Does anyone know how to use predictions()
in the marginaleffects()
package with tidymodels
? In this toy example, I want to get the predicted values of the variable state
while holding all other variables at their base levels or mean values.
library(liver)
library(tidymodels)
library(marginaleffects)
df_churn <- data.frame(churn)
# Create data split object
churn_split <- initial_split(df_churn, prop = 0.75,
strata = churn)
# Create the training data
churn_train <- churn_split %>%
training()
# Create the test data
churn_test <- churn_split %>%
testing()
lr_mod <-
logistic_reg(penalty = tune(), mixture = 1) %>% # penalty = lambda. mixture = alpha
set_engine("glmnet") %>%
set_mode("classification")
# pre-process recipe
churn_recipe <- recipe(churn ~ .,
data = churn_train) %>%
step_corr(all_numeric(), threshold = 0.9) %>%
step_normalize(all_numeric()) %>%
step_dummy(all_nominal(), -all_outcomes())
# model recipe = workflow
churn_wkfl <- workflow() %>%
add_model(lr_mod) %>%
add_recipe(churn_recipe)
# cv
set.seed(1)
churn_folds <- vfold_cv(churn_train,
v = 10,
strata = churn)
# grid
set.seed(1)
glmnet_tuning <- churn_wkfl %>%
tune_grid(resamples = churn_folds,
grid = 25, # let the model find the best hyperparameters
metrics = metric_set(roc_auc))
# select the best model
best_glmnet_model <- glmnet_tuning %>%
select_best(metric = 'roc_auc')
# finalize the workflow and try to get adjusted predictions
# This does not work
final_churn_wkfl <- churn_wkfl %>%
finalize_workflow(best_glmnet_model) %>%
fit(churn_train) %>%
tidy() %>%
predictions(variables = c("state"))
CodePudding user response:
Unfortunately, glmnet is not one of the supported models for marginaleffects.
You can switch this to one of the supported models (like regular glm()
) and this will work using extract_fit_engine()
.
library(tidymodels)
library(marginaleffects)
data("mlc_churn")
set.seed(123)
churn_split <- initial_split(mlc_churn, prop = 0.75, strata = churn)

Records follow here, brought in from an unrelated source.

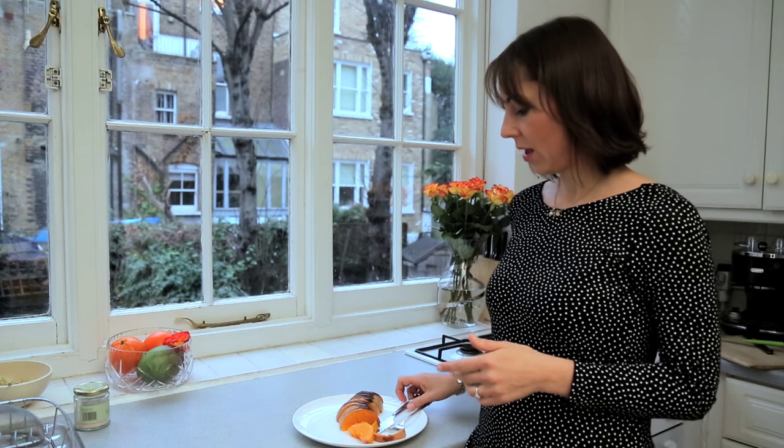You can prepare this in the morning once your baby is having breakfast — just cut it, it takes five minutes, and put it in the oven for an additional 45 minutes. I hope you like that, and see you later!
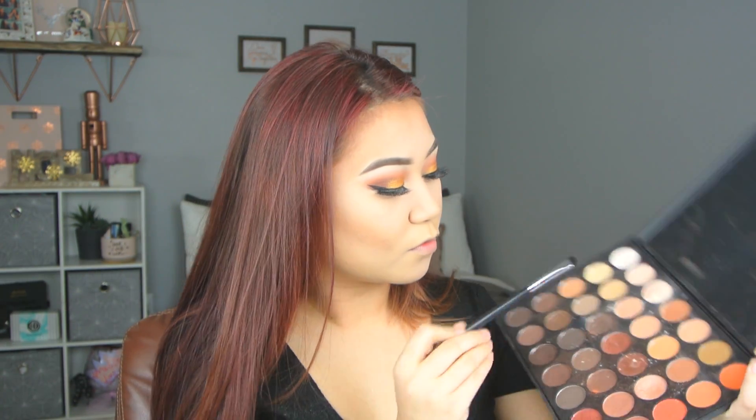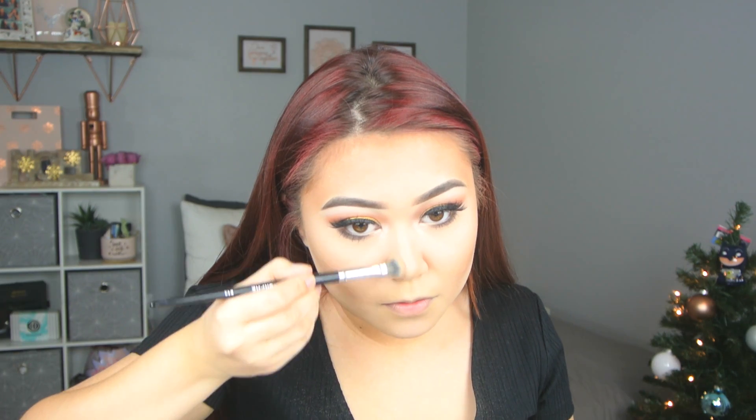Now we're going to go back into the eyes and I'm going to take a dark brown and put that in my lower lash line. And I really smoked it out this time to balance out the top eyeshadow with the bottom. Now we're going to go into this champagne color and use that to highlight our inner corner. And then we're going to go in with Physician's Formula Butter Bronzer and we're just going to use that to contour the nose today.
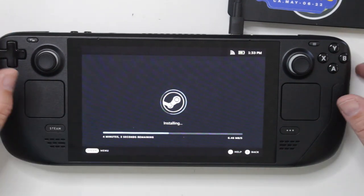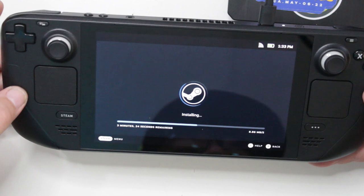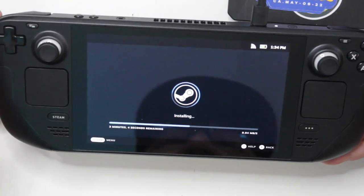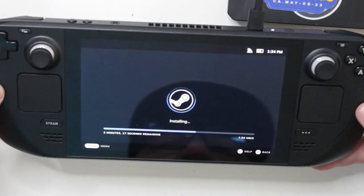The estimated time remaining keeps jumping around — it started at three minutes, went down to three minutes eight seconds, then jumped up to three minutes 44 seconds. I have fairly good internet connectivity here in my office. I really like the finish on this guy. I was thinking about getting a D-Brand skin — they make a really nice skin and I am a sucker for some robot camo. But I kind of like the finish on this. I might leave it be for a while until I start seeing heavy signs of use.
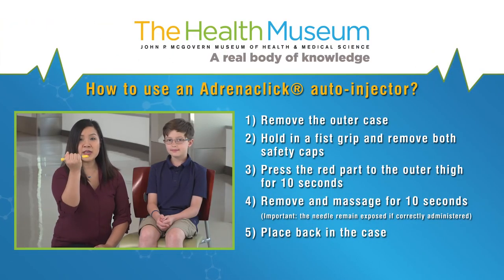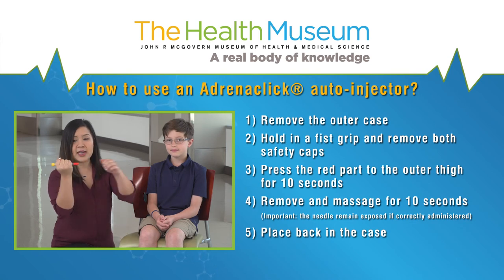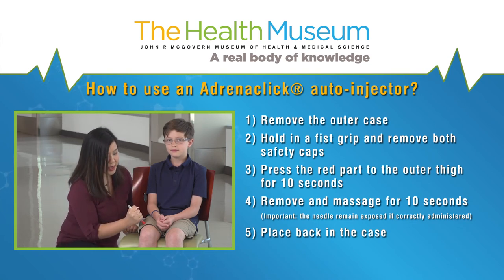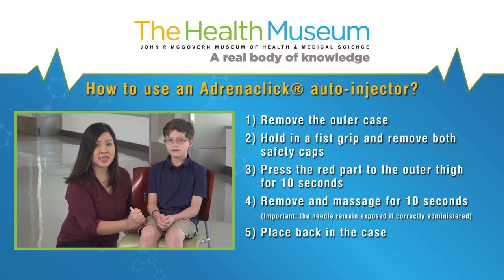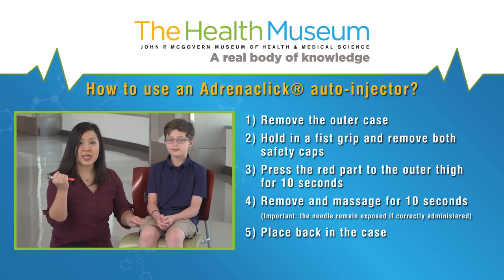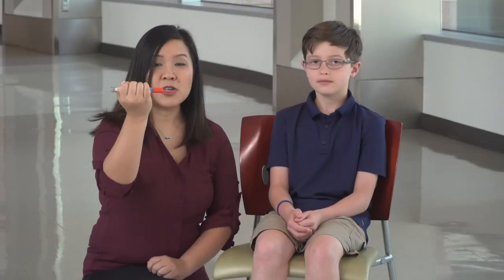Next, we have Adrenaclick. If you are ready to use, remove the outer case. There are two safety caps. Hold in a fist grip and remove both safety caps. Press the red to the outer thigh and inject for 10 seconds. Remove and massage the site for 10 seconds. You will note that the needle will remain exposed — this will indicate that the correct dose has been administered. Place back in the case.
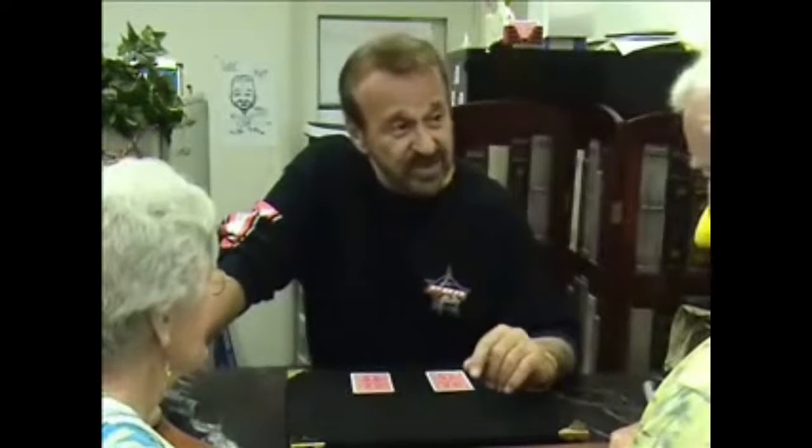There's about a zillion card tricks that magicians do. You've seen me do a bunch. The one that you're going to see now is about as close to real magic as you're ever going to see. Don, are you ready? Ila, are you ready? I'm ready.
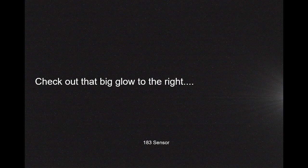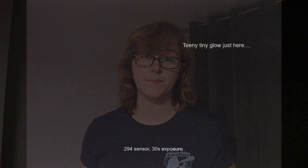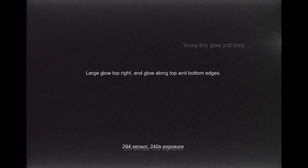I'll show you — this is a frame from a 183C camera, and this is a frame from a 294 camera. The first image is taken with 30 second exposure darks and the second one was 240 seconds worth of darks. You can see that the longer the exposure, the glow grows.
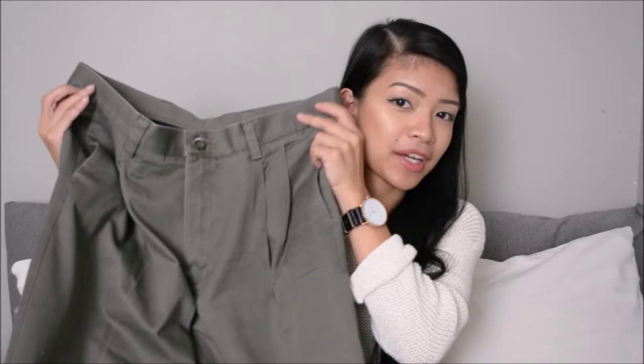Hi guys, it's Millie. Welcome back to my channel. Today's video will be a DIY. I finally found the time to make something in my busy schedule, and today's DIY will be turning an old pair of dress pants into a trench coat. Since fall is here, that means layering up, so I thought it was appropriate to make a DIY that is fall related. I hope you guys enjoy it and let's get started.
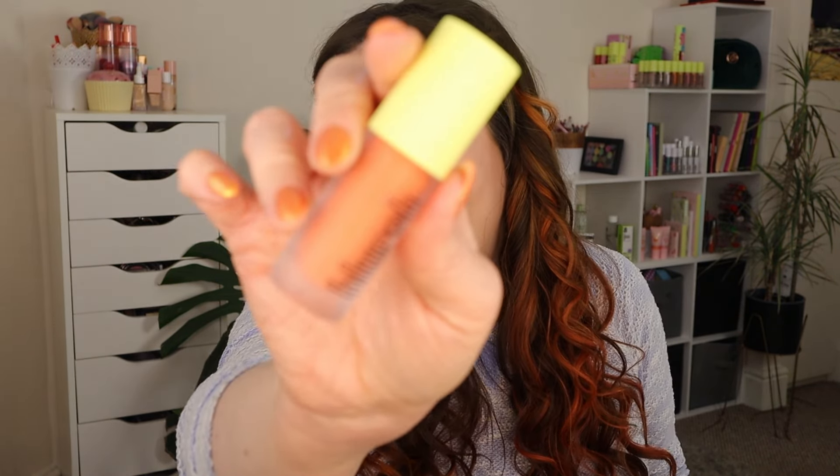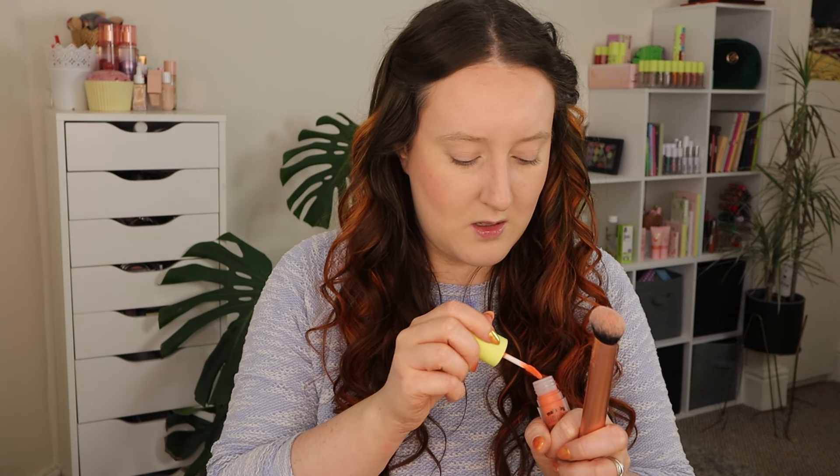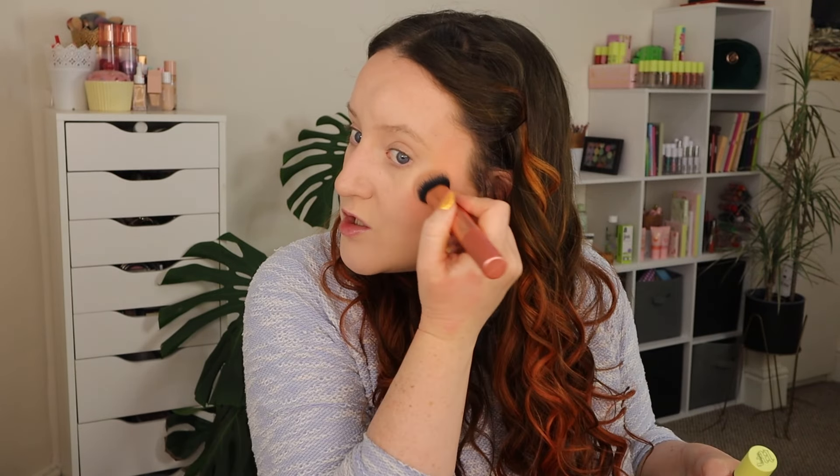Now we're on to the Made by Mitchell segment of this video. They brought out this whole graffiti collection — I got the orange blush. I've also definitely got my eye on that bright yellow blush, though I don't know how wearable it'll be. Look at this colour — so annoying orange. So excited. Another Real Techniques Expert Face Brush — that colour is incredible. I think I'm just going to tap this onto the cheeks.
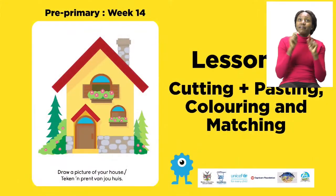For today's lesson we will be doing cutting, pasting, colouring and matching.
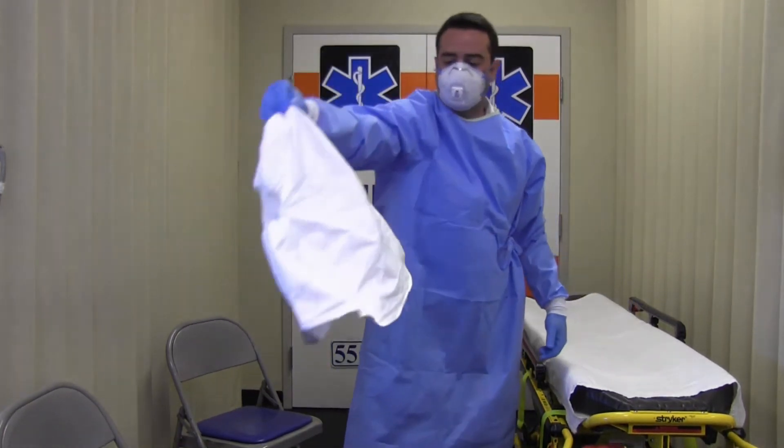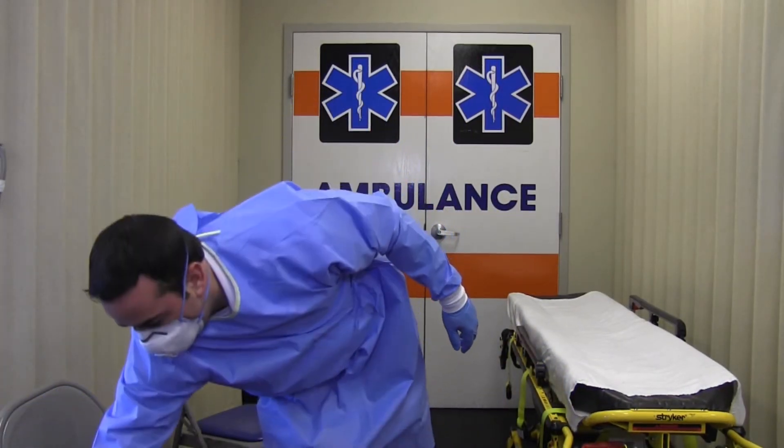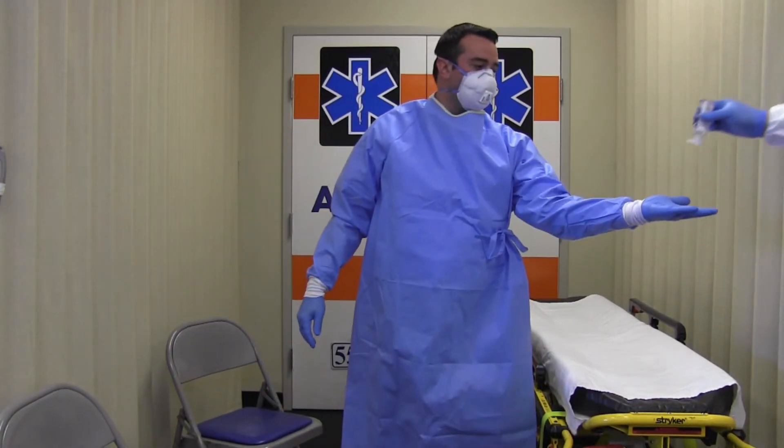Next you'll remove your surgical hood. Gently remove and discard. You will then disinfect your inner gloves with an alcohol-based hand rub.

churn_train <- training(churn_split)
churn_test <- testing(churn_split)
churn_recipe <- recipe(churn ~ .,
data = churn_train) %>%
step_corr(all_numeric(), threshold = 0.9) %>%
step_normalize(all_numeric()) %>%
step_dummy(all_nominal(), -all_outcomes())
# model recipe = workflow
churn_wkfl <- workflow(churn_recipe, logistic_reg())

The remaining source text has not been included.